PW: This is your third mystery novel. How long have you been writing?
MS: I've always wanted to write. Like everyone else in America, after I read Catcher in the Rye I thought "I can do this." It's not cocky but, like people who can sing know they can sing, I could always write, although I didn't. I don't have a drawer full of short stories. When the health care company where I was general counsel merged with another company, I took a course at the university here [in Birmingham, Ala.] and they had the bad judgment to say I could write. I'd already written an introduction, so I quit my job and in eight months I finished Sins of the Brother [his first book].
PW: What happened next?
MS: I had no idea how difficult it is to get published. I sent the manuscript to several agents. They told me it was really well written but they couldn't sell it. Finally I called one, who said since Grisham every lawyer in America has written a legal thriller. But my books aren't legal thrillers. I made Tom an attorney because I know what an attorney eats for lunch—I could have made him an architect. A friend in children's publishing introduced me to an agent, Sally McMillan, who sent the book to five of the largest publishers and three wanted it. The editor at Putnam moved so quickly, she spent a day reading it on vacation.
PW: Who do you read, and what writers influence you?
MS: I'm heavily influenced by 20th-century American literature. Of course I've read all of Hemingway, Faulkner, Fitzgerald. I and the rest of America have been more influenced by Hemingway than most Americans will admit. I've read every mystery ever written, starting when I was 13 with John D. MacDonald. I like Robert B. Parker, especially the early Spenser novels; Dennis Lehane; James Lee Burke; Lawrence Block's Matthew Scudder novels—When the Sacred Gin Mill Closes is one of the best mysteries. They've all influenced my writing.

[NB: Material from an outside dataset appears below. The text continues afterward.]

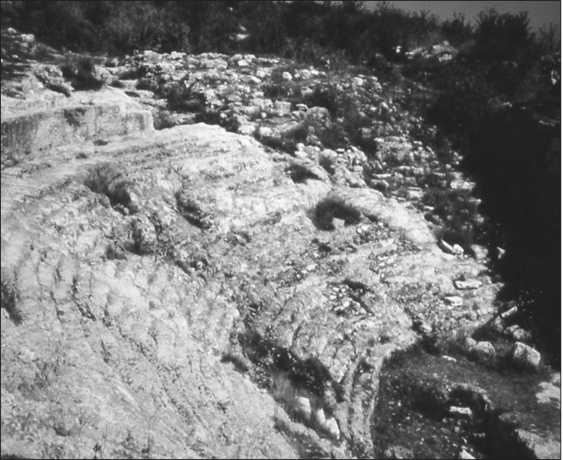 Иисус и его мир. Новейшие открытия Иисус и его мир. Новейшие открытия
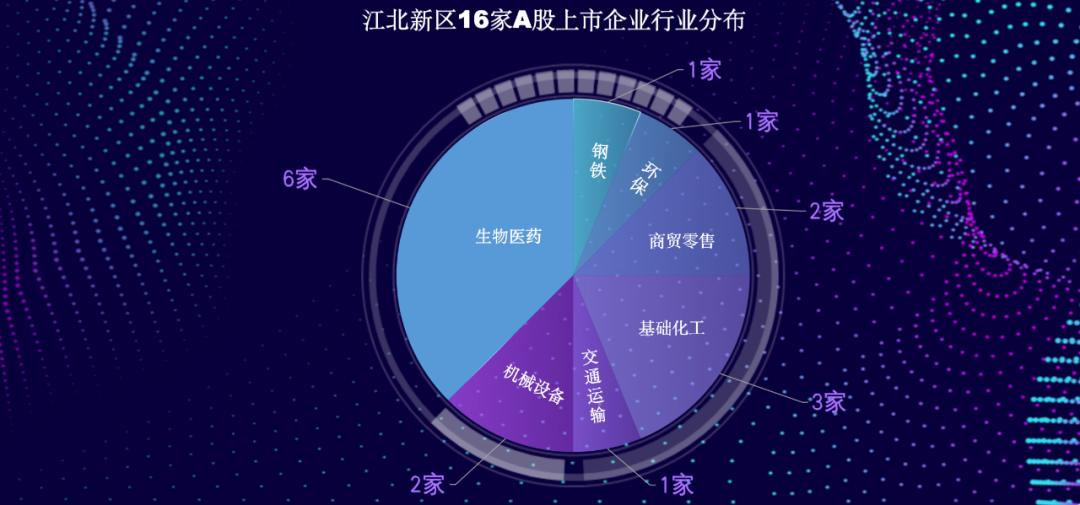 健友股份的早期状况与发展轨迹概述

PW: How much of your own experience is in your books?
MS: I practiced law about 10 years and used private investigators and had my life threatened, although basically I was a corporate litigator. I know about firearms from having grown up in the South, in a small Alabama town. For Dog Island I hired a guy to take me, my wife and kids to Dog Island for the day and went to Tate's Hell Swamp. I did some research on poisons for A Clean Kill, but generally it's life experience. I'm trying to show a side of the modern South most people don't know. I have a Cajun character in A Clean Kill because I love New Orleans and the Gulf Coast. It's an interesting culture with its French heritage. I'm not glossing over injustices, I'm trying to address the way we get along and the way we live in the South now.
PW: Why are your villains so vicious?
MS: There are two schools of thought on bad people. They've had a tough life and we have to understand them or, there is evil in the world. That's my view. From a storytelling perspective, the level of evil equals the level of suspense. If you're not afraid of the guy, why should you continue reading the book? I work very hard on the writing and the characters, and try not to forget that I'm a storyteller.
PW: What's next?
MS: In the future, keeping people out of trouble becomes Tom's specialty. The next book is about the intersection of gambling and religion. What got me thinking of it was the Indians setting up casinos. People are "discovering" their Indian roots to get permits, but many southern religious leaders are against gambling.